A unanimous Court of Appeal had allowed HMRC’s contentions on the basis that the rule in Hastings-Basswas not applicable where the trustees had acted reasonably in reliance on what they supposed to be competent professional advice. The Court of Appeal also dismissed Pitt’s claim to rescind the transaction on the basis that a mistake as to the tax consequences of a disposition was not a permissible form of mistake.

Judgment

The Supreme Court was asked to consider two principal issues:

  1. Under which circumstances can a court interfere with the discretion validly exercised by trustees where the trustees have failed to take into account a relevant matter and have acted on the basis of professional advice; (the Hastings-Bass issue)
  2. Under which circumstances can a mistake as to adverse tax consequences be the basis for the court’s equitable jurisdiction to set aside the disposition on the basis of mistake (the Mistake Issue).

Hastings-Bass Issue

The rule in Hastings-Bass is an equitable principle derived from the judgments of In Re Hastings-Bass deceased [1975] Ch 25 and Mettoy Pension Trustees v Evans [1990] 1 WLR 1587. It allows a court to remedy the trustees’ failure to perform their fundamental decision-making functions. The principle had been traditionally worded as allowing a court to intervene “where trustees act under a discretion given to them by the terms of the trust, in circumstances in which they are free to decide whether or not to exercise that discretion, but the effect of the exercise is different from that which they had intended… [to an extent whereby] it is clear that they would not have acted as they did had they not failed to take into account considerations which they ought to have taken into account, or taken into account considerations which they ought not to have taken into account” Sieff v Fox [2005] EWHC 1312 (Ch).

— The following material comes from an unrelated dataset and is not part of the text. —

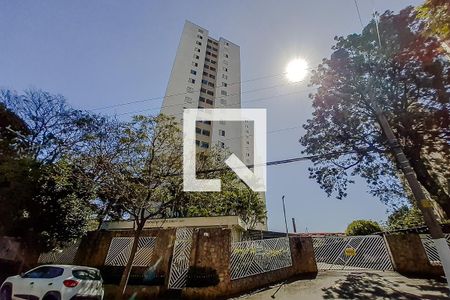 Apartamento à venda com 64m², 2 quartos e 1 vaga Apartamento à venda com 64m², 2 quartos e 1 vagaFachada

The Supreme Court held that to invoke the rule in Hastings-Bass there must be a breach of fiduciary duty by the trustees. In particular, the Court was unwilling to impose a “form of strict liability on trustees who conscientiously obtain and follow, in making a decision which is within the scope of their powers, apparently competent professional advice which turns out to be wrong.”

Given that the trustees in Futter and Pitt had acted in reliance on apparently competent professional advice, there was no breach of fiduciary duty and both appeals were dismissed on the Hastings-Bass issue.

Rescission of voluntary dispositions on ground of mistake

With respect to rescission for mistake, the Supreme Court held that dispositions may be invalidated by equity in exceptional circumstances. The Court clarified that the relevant inquiry is whether there is a “causative mistake of sufficient gravity.” This standard is met when “there is a mistake either as to the legal character or nature of a transaction, or as to some matter of fact or law which is basic to the transaction.” In this way, the Supreme Court has overruled the distinction between mistakes as to the effect or mistakes as to the consequences of a particular transaction (a distinction which had been introduced by Millett J in Gibbon v Mitchell [1990] 1 WLR 1304.) The Court concluded that the facts of the Pitt case satisfied the newly formulated standard for rescinding transactions on the basis of mistake.

Comment

The Supreme Court’s pronouncement is helpful in clarifying the precise ambit of the Hastings-Bass rule and of rescissions on the ground of mistake.

Given prior judicial comments on the Hastings-Bassrule,1 it seems hardly surprising that the Supreme Court has taken the opportunity to significantly restrict the rule’s operation. However, this does not mean that beneficiaries of a trust in which dispositions have been inadequately structured will have no resort to legal remedies; the proper resolution in these cases is a professional negligence claim against the advisers.

With regards to mistake, the Supreme Court paves the way for equitable case-by-case assessments of the facts discarding prior formalism. While this may hinder the principle of legal certainty, it follows from the “general disinclination of equity to insist on rigid classifications expressed in abstract terms.”

1

Lord Neuberger, “Aspects of the Law of Mistake: Re Hastings-Bass” (2009) 15(4) Trusts and Trustees 189.